* **Stored data**:
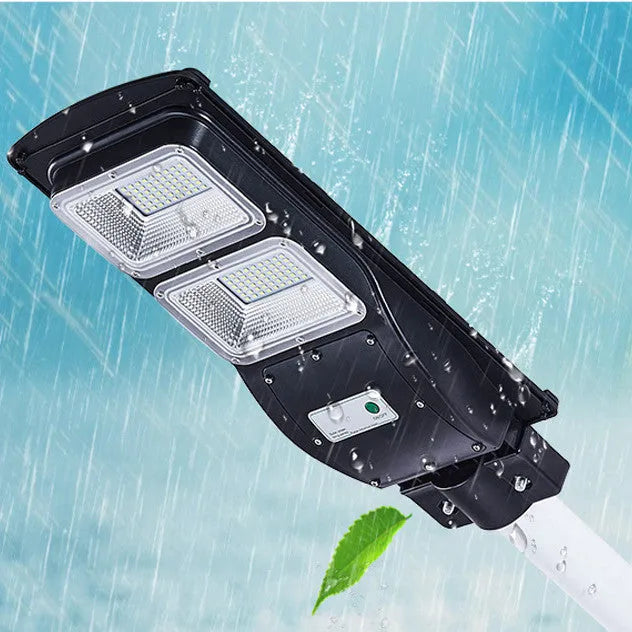 Integrated solar street light with 60W LED and remote control for outdoor illumination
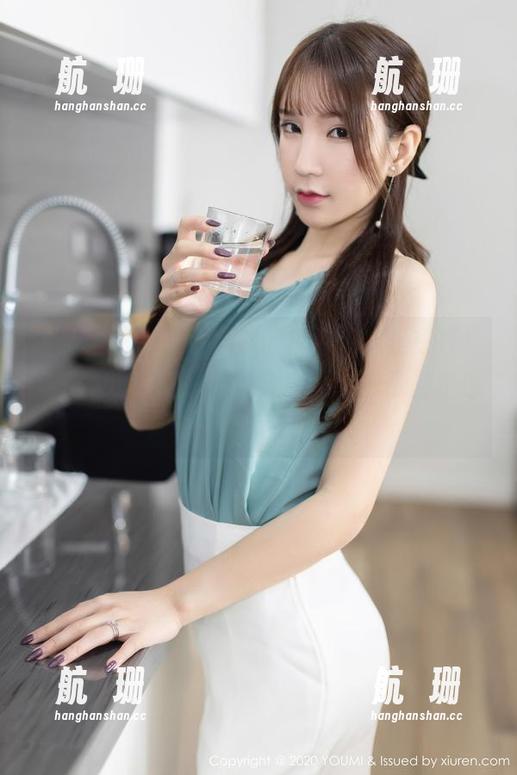 尤蜜荟 - 原图中娜露的优雅，像是在打广告：穿上礼裙，脱离现实吧！一头雾水也挺美。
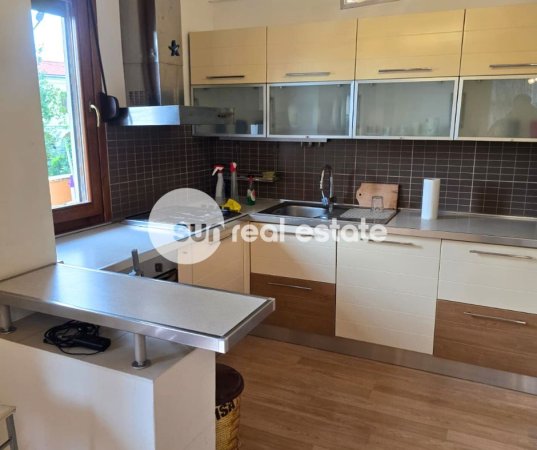 Shkoder, jepet me qera apartament 2+1+Ballkon Kati 1, 121 m² (QENDER)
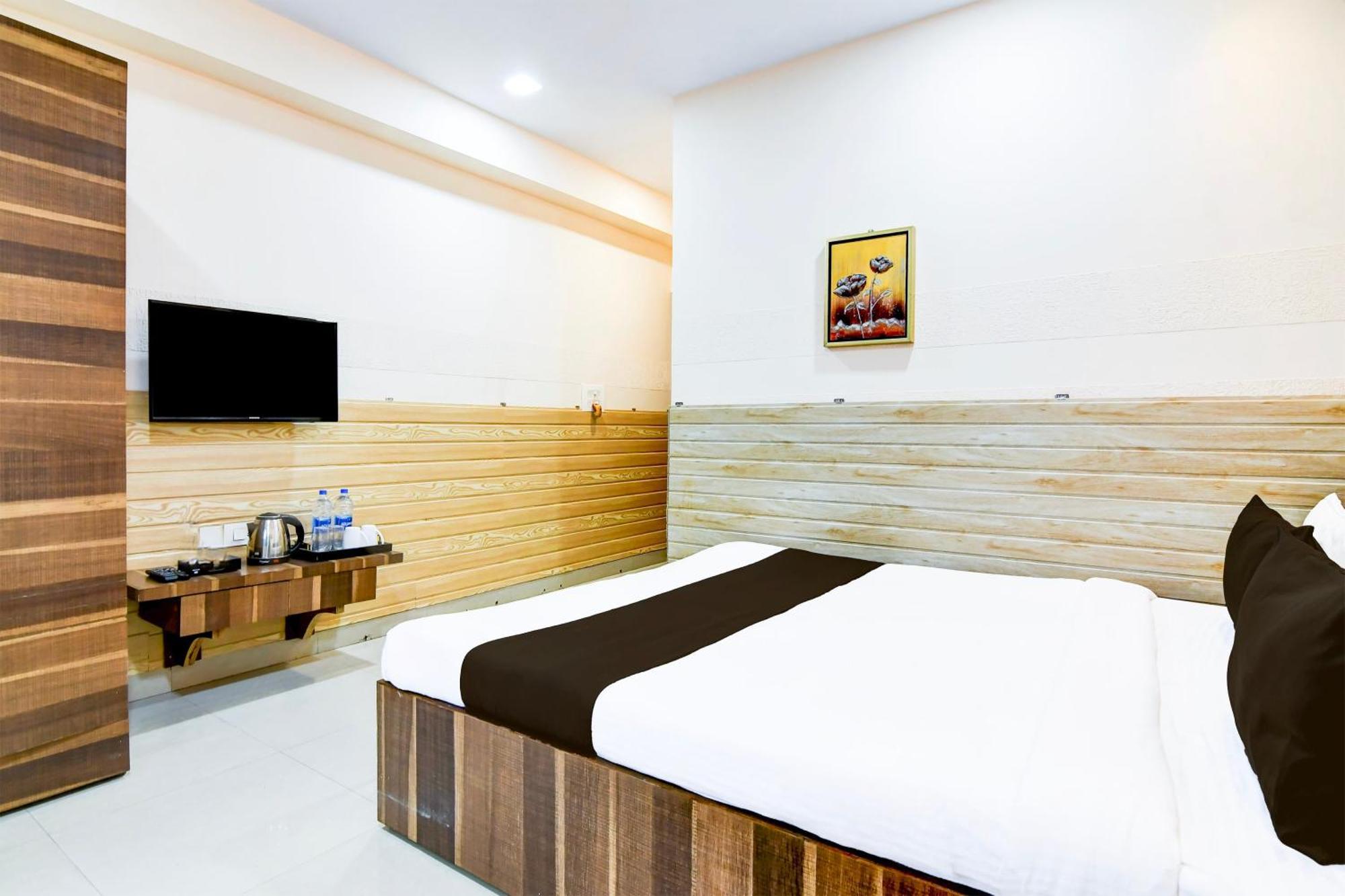 Super Collection O Behala Hotel Bhasa Exterior photo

* **Exercise requirements**: Produce the data again character for character, with the images left out.

* **Written response**:
 Integrated solar street light with 60W LED and remote control for outdoor illumination
 尤蜜荟 - 原图中娜露的优雅，像是在打广告：穿上礼裙，脱离现实吧！一头雾水也挺美。
 Shkoder, jepet me qera apartament 2+1+Ballkon Kati 1, 121 m² (QENDER)
 Super Collection O Behala Hotel Bhasa Exterior photo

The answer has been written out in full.